Open ksangeek opened 4 years ago

ksangeek commented 4 years ago

Describe the bug I see that the tests for nvlink related APIs fail on a machine without nvlink e.g. test_nvml_nvlink_properties(). Looking at the rc pynvml.nvml.NVMLError_NotSupported it is clear that the failure is because of the absence of nvlink. Opening this issue to check if there is a better way to handle these in the tests. Or is it too much of a work to bother about?

Steps/Code to reproduce bug pytest reports these kinds of failures for nvlink related testcases -

__________________________________ test_nvml_nvlink_properties ___________________________________

ngpus = 2
handles = [<pynvml.nvml.LP_struct_c_nvmlDevice_t object at 0x7f2f299bfc80>, <pynvml.nvml.LP_struct_c_nvmlDevice_t object at 0x7f2f299bfb70>]

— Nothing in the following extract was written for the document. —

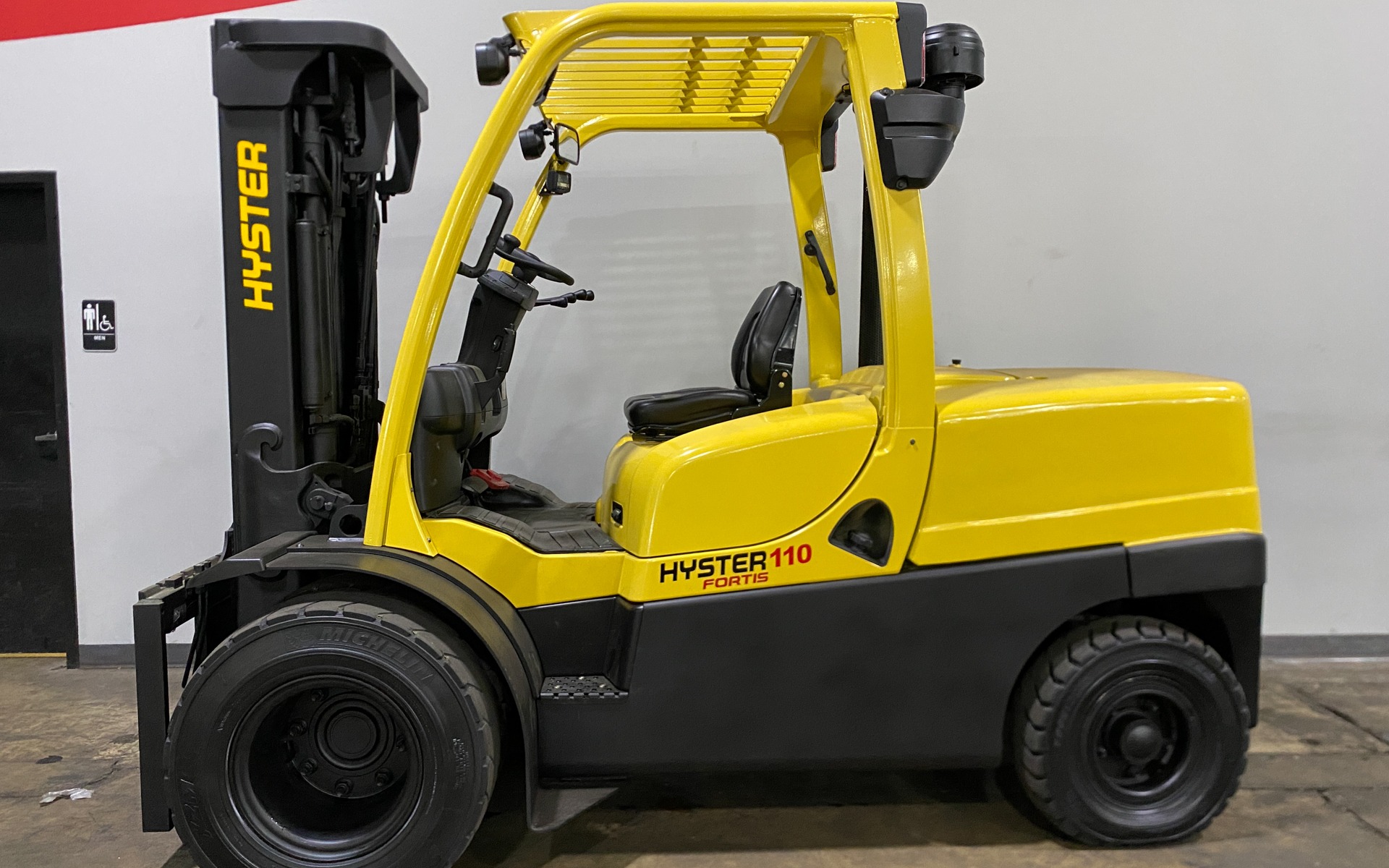 2014 HYSTER H110FT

    def test_nvml_nvlink_properties(ngpus, handles):
        for i in range(ngpus):
            for j in range(pynvml.NVML_NVLINK_MAX_LINKS):
>               version = pynvml.nvmlDeviceGetNvLinkVersion(handles[i], j)

test_nvml.py:238:
_ _ _ _ _ _ _ _ _ _ _ _ _ _ _ _ _ _ _ _ _ _ _ _ _ _ _ _ _ _ _ _ _ _ _ _ _ _ _ _ _ _ _ _ _ _ _ _ _
../../../../anaconda3/envs/pynvml_py36/lib/python3.6/site-packages/pynvml/nvml.py:2021: in nvmlDeviceGetNvLinkVersion
    check_return(ret)
_ _ _ _ _ _ _ _ _ _ _ _ _ _ _ _ _ _ _ _ _ _ _ _ _ _ _ _ _ _ _ _ _ _ _ _ _ _ _ _ _ _ _ _ _ _ _ _ _

ret = 3

    def check_return(ret):
        if (ret != NVML_SUCCESS):
>           raise NVMLError(ret)
E           pynvml.nvml.NVMLError_NotSupported: Not Supported

../../../../anaconda3/envs/pynvml_py36/lib/python3.6/site-packages/pynvml/nvml.py:366: NVMLError_NotSupported
------------------------------------- Captured stdout setup --------------------------------------
[2 GPUs]
rjzamora commented 4 years ago

Thanks for raising @ksangeek - You are correct that the test suite assumes NVLink is supported on the machine being queried. It certainly makes sense to skip tests that do not apply to the target machine (especially if/when we start introducing CI).

For NVLink, we can probably try to call nvmlDeviceGetNvLinkVersion on the 0th device within a module-level fixture, and then catch the NVMLError_NotSupported error to specify if NVLink is not supported.